GIVEN DATA >>
——
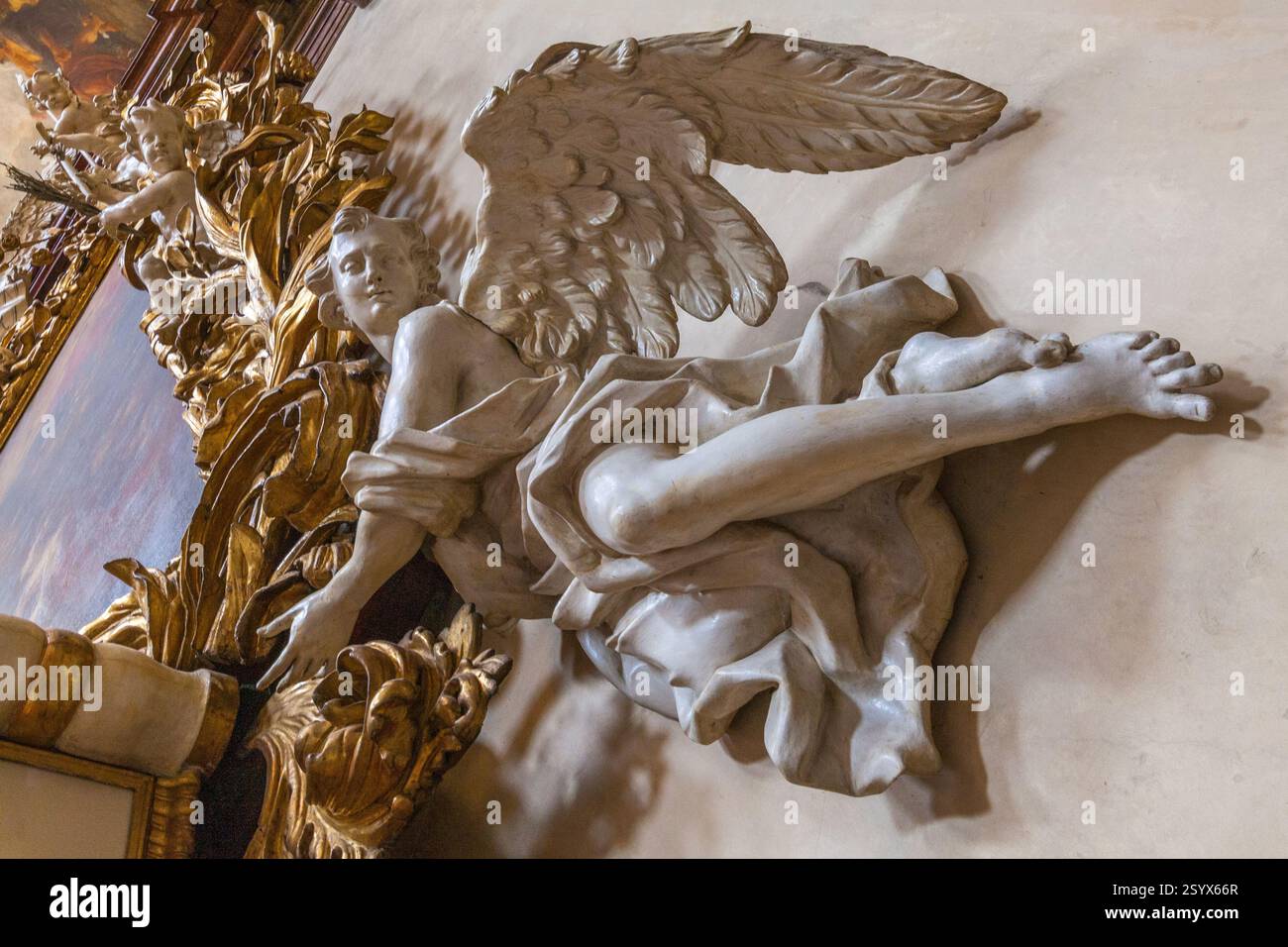 Angel Features A close-up of a sculpted angel with outstretched wings, positioned as a ...
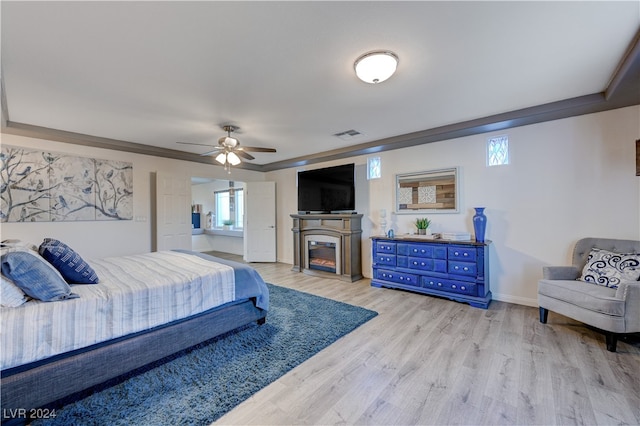 bedroom featuring multiple windows, light hardwood / wood-style flooring, ceiling fan, and crown molding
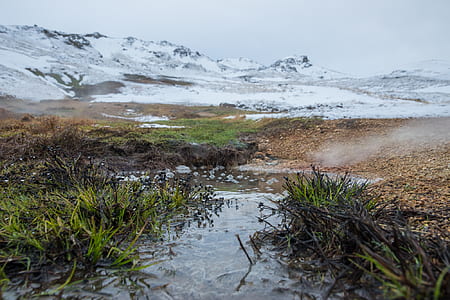 body of water and green grasses at the foot of snow covered mountain during daytime thumbnail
——
Each line of the data above must be repeated exactly, images excluded.

EXERCISE RESPONSE >>
 Angel Features A close-up of a sculpted angel with outstretched wings, positioned as a ...
 bedroom featuring multiple windows, light hardwood / wood-style flooring, ceiling fan, and crown molding
 body of water and green grasses at the foot of snow covered mountain during daytime thumbnail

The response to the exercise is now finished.